Working data:
====

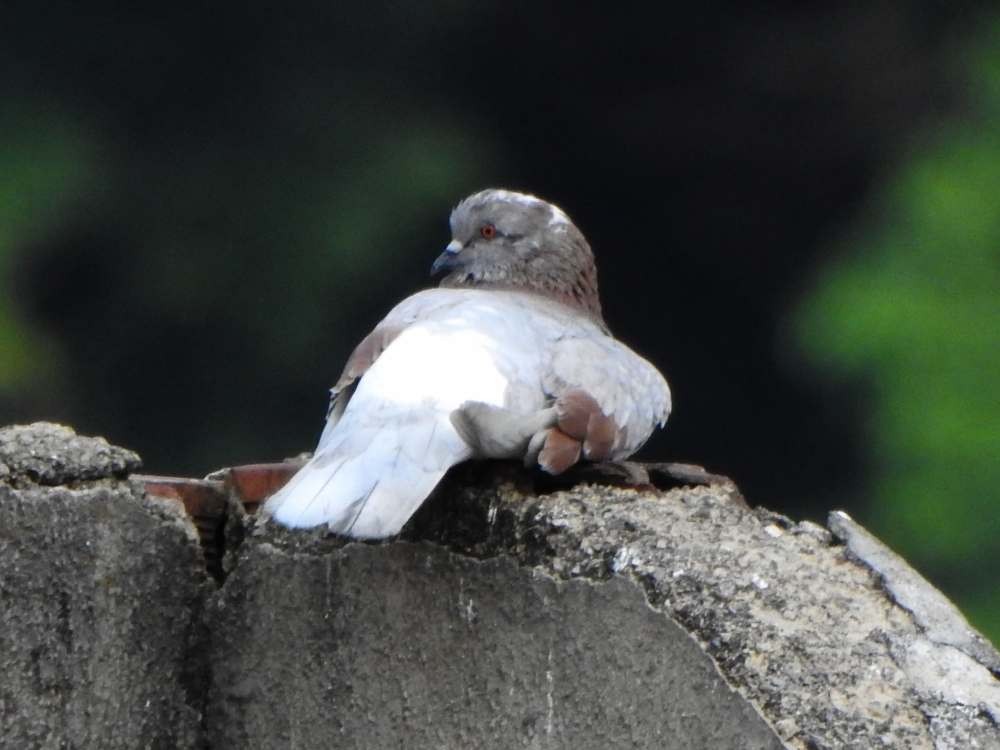 Felsentaube (Straßentaube) - ML644700334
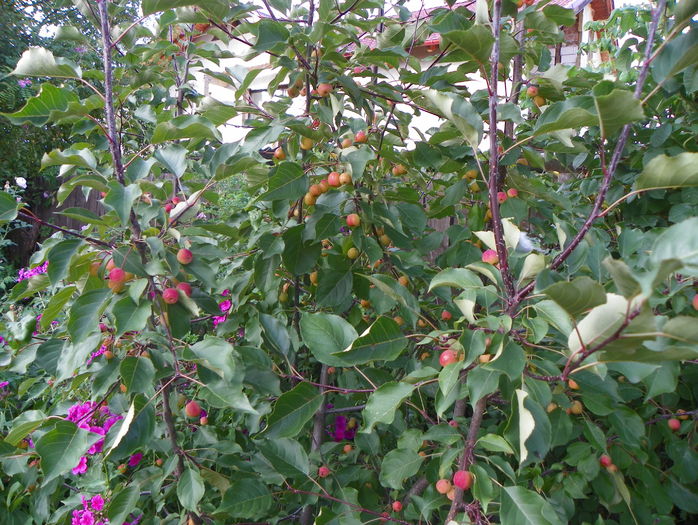 malus Rudolph - Copacei si arbusti 2015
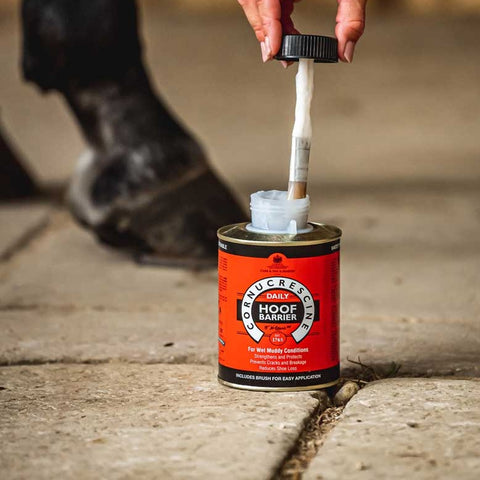 Carr & Day & Martin-Cornucrescine Daily Hoof Barrier 500ml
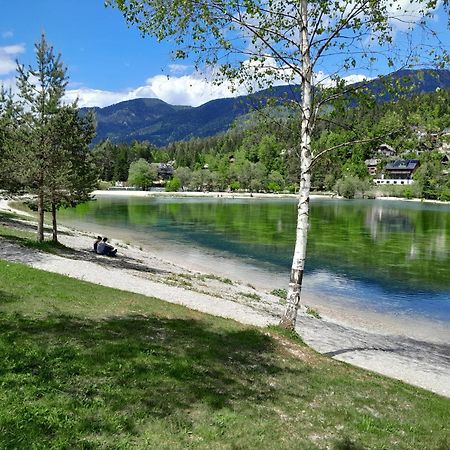 Les Chalet Kranjska Gora I 外观 照片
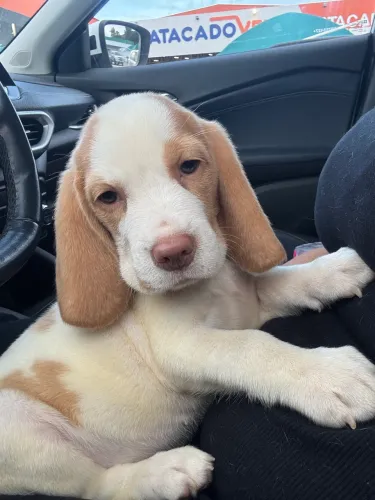 Beagle inglês, machos disponíveis! Cor rara, vacinados v10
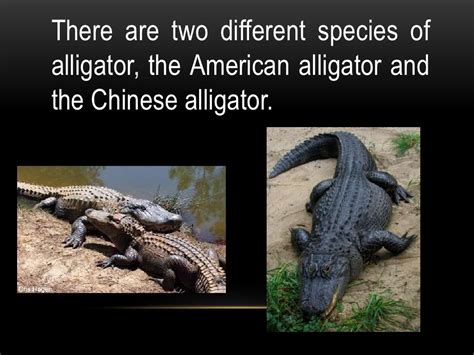 Facts about alligators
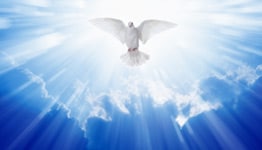 dove flying toward heaven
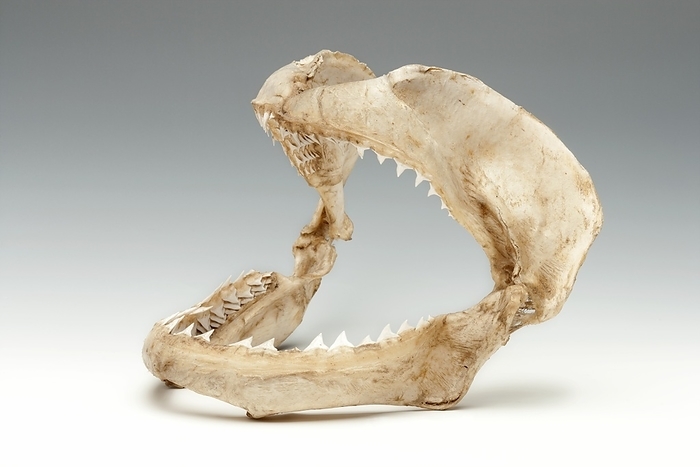 Bull shark jaws, specimen Bull shark jaws. Jawbones and teeth of the bull shark  Carcharhinus leucas . Also known as the Zambezi shark, it is found worldwide in warm, shallow waters along coasts and in rivers. The bull shark is known for its aggressive nature.
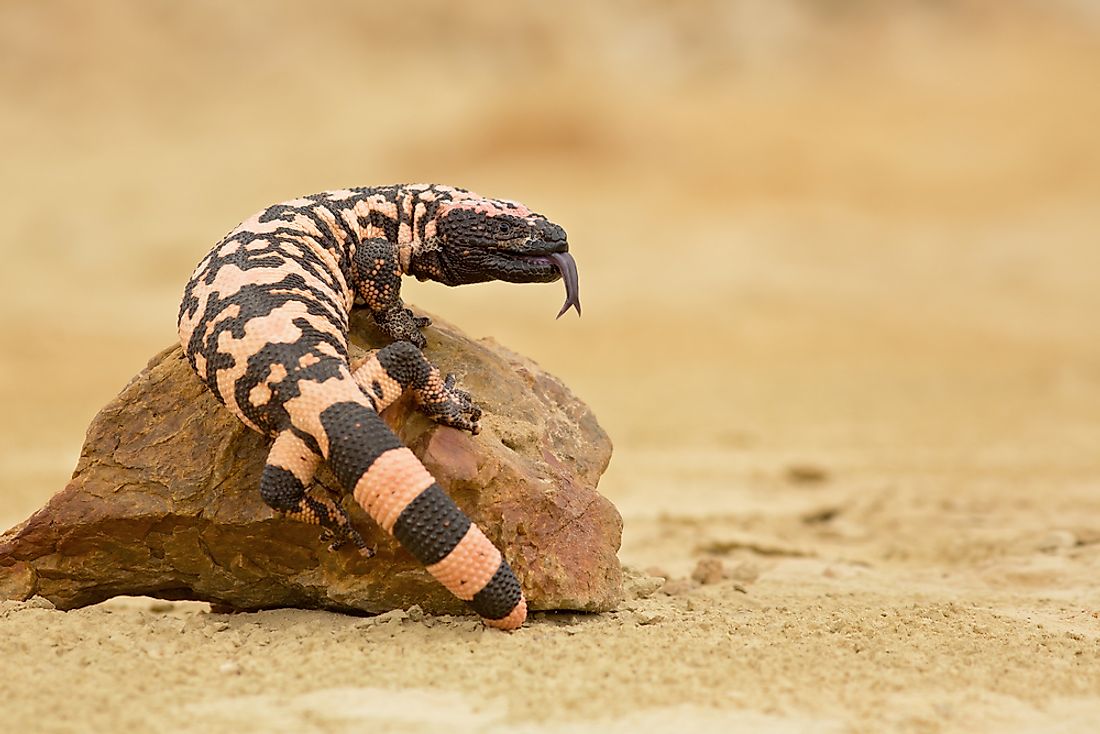 The Gila monster is named for the Gila River Basin. 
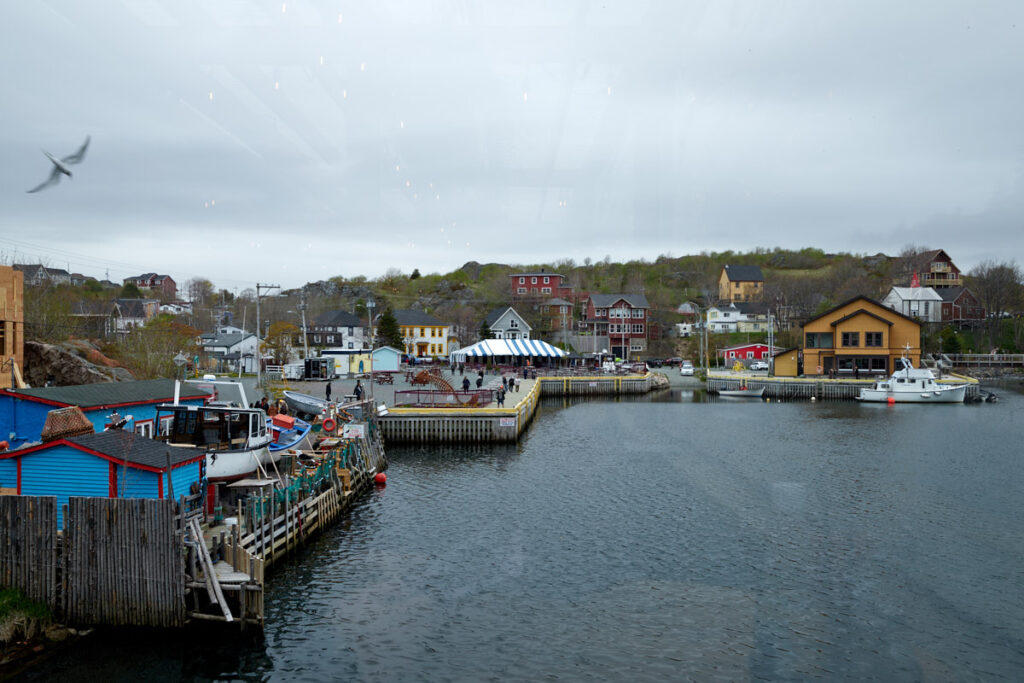 Quidi Vidi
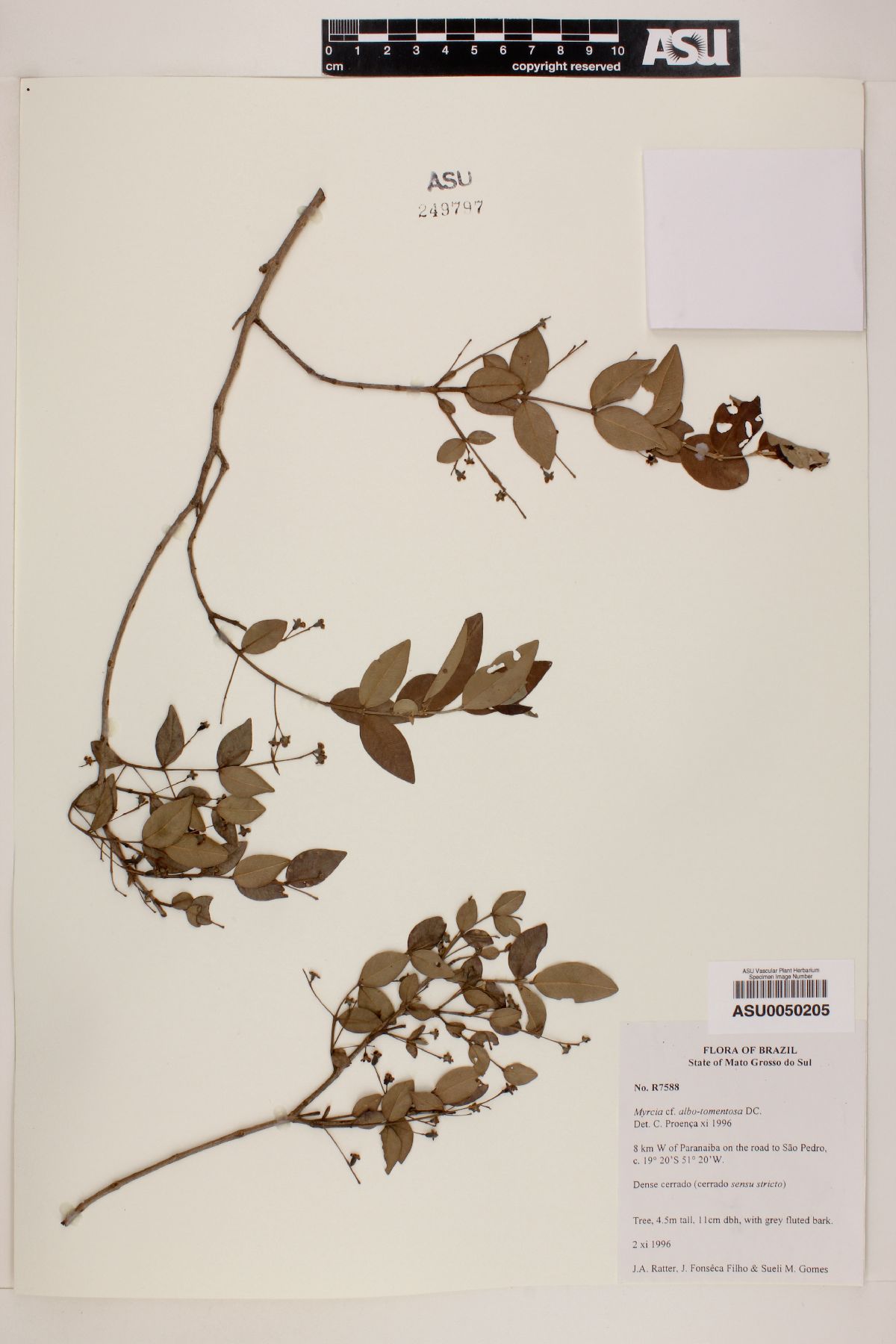 Myrcia albo-tomentosa image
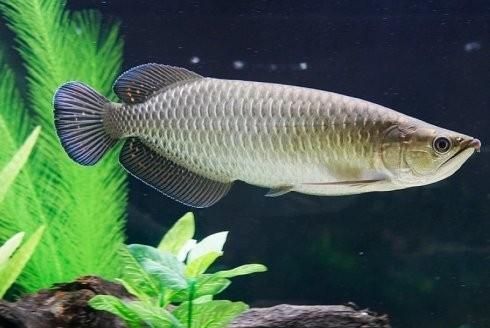 星點龍魚哪個品種最受歡迎？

====

Exercise requirements: Above are some entries; copy exactly the lines from the line with "Beagle inglês, machos" through the line with "Bull shark jaws, specimen", both included, but none of the pictures.

Answer section:
 Beagle inglês, machos disponíveis! Cor rara, vacinados v10
 Facts about alligators
 dove flying toward heaven
 Bull shark jaws, specimen Bull shark jaws. Jawbones and teeth of the bull shark  Carcharhinus leucas . Also known as the Zambezi shark, it is found worldwide in warm, shallow waters along coasts and in rivers. The bull shark is known for its aggressive nature.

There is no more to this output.